Independent medical exams (IMEs) are widely used throughout the workers’ compensation insurance industry. However, as with any tool, you generally need a good carpenter or mechanic to get the best results. Because of the time required to arrange these medicolegal exams and because of the complexities of determining causation, pre-existing conditions, degree of impairment, etc., most insurance companies and third-party administrators (TPAs) outsource this function, which generates findings that can be used in the formal claims adjudication process.

The problem with outsourcing IMEs is that it typically removes from the process the only stakeholder who actually knows the injured worker: the employer.

The employer can make better decisions about whether to request IMEs — which are very expensive — by looking for red flags that, in many cases, only the employer could know about.

The most basic reason is if there is a legitimate question as to whether an injury or illness was caused by a work-related accident or industrial exposure. Red flags that might indicate the need for an IME include: The accident/injury wasn’t witnessed by other employees; reports of how the injury occurred are vague; or the injury was not promptly reported. Other triggers that only the employer would know include: a history of disciplinary, attendance or other HR issues; prior work history and the possibility that the employee is working a second job; or participation in sporting and recreational activities outside the workplace.

Other flags could be: Healthcare providers indicate that the employee may not be able to return to work, based on subjective complaints, or have proposed treating plans that are open-ended, with no clear-cut goals.

Other key issues that should be identified early in the claims process are: pre-existing conditions; any unauthorized medical treatment; any treatment by known “provider mills”; all litigated or potentially litigated claims; any potential subrogation opportunities; any doctor shopping; prescriptions for opioids; recommendations for elective surgery, such as on the back or for carpal tunnel issues; and any plain, old-fashioned tips from other employees.

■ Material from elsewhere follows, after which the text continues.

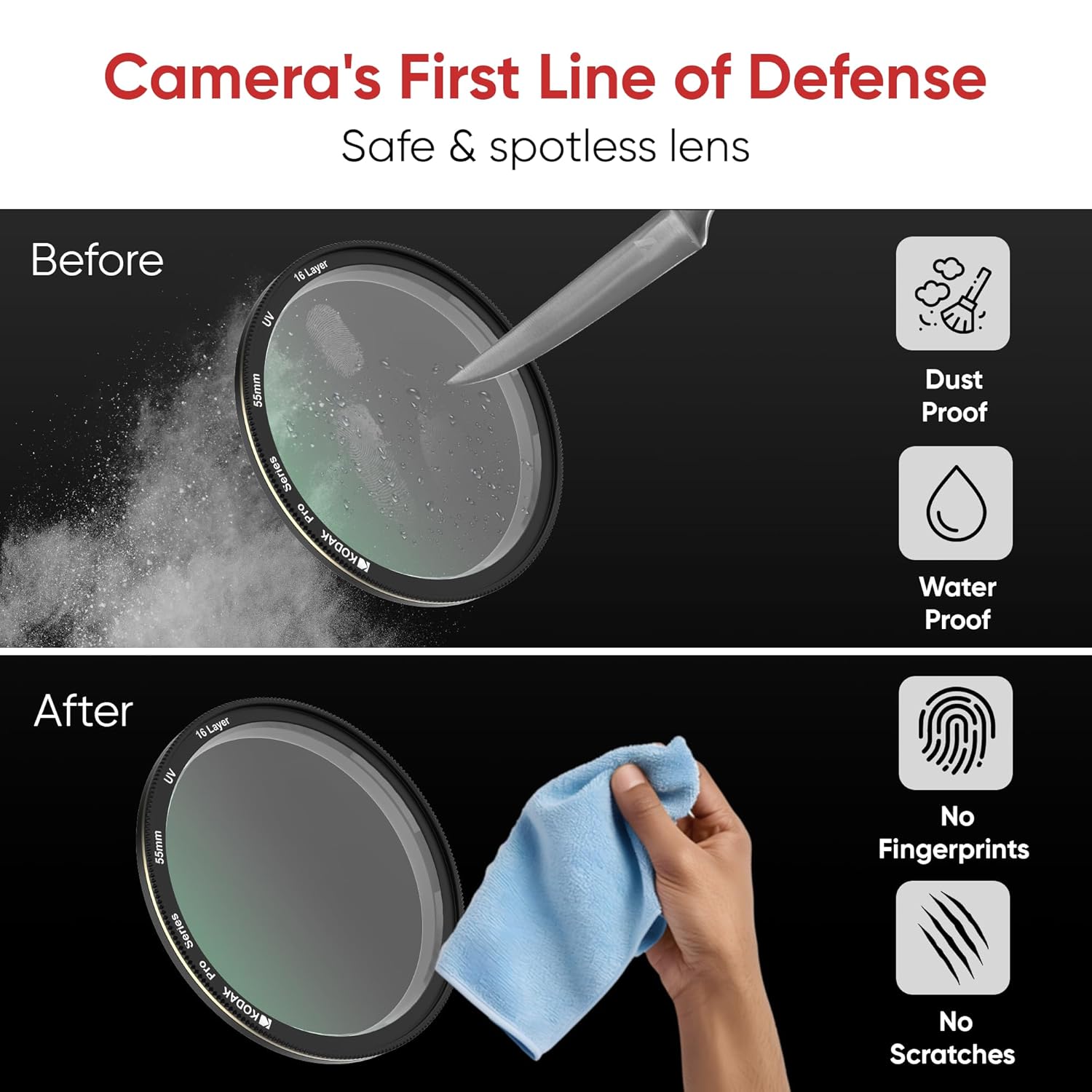 Kodak 55mm Pro Series Camera Lens UV Filter|16 Layer Multi Coating for DSLR Camera Lens|Protection from UV Rays, Dust & Scratches|Aluminum Lens Ring|Waterproof|Black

IME providers often miss three fundamental questions: Can this injury or illness be caused by the workplace? Under what circumstances? Did these circumstances exist in this case?

Medical providers performing IMEs often make decisions in a vacuum, with little, if any, input from the employer. Leading medical experts who routinely perform IMEs state they are often “flying blind” and would have conducted a whole different physical exam or diagnostic testing if they only had more information. They tell me that they often have no idea why an IME has been scheduled. Miscommunication is common, and prior medical reports are often delayed or even lost.

IMEs should be conducted within a well-planned strategy at both the local level and the corporate level, between an employer and its insurer or TPA. The success or failure depends on active involvement and strong communications by all involved, including employers, IME providers, injured workers and insurance carriers and claims administrators.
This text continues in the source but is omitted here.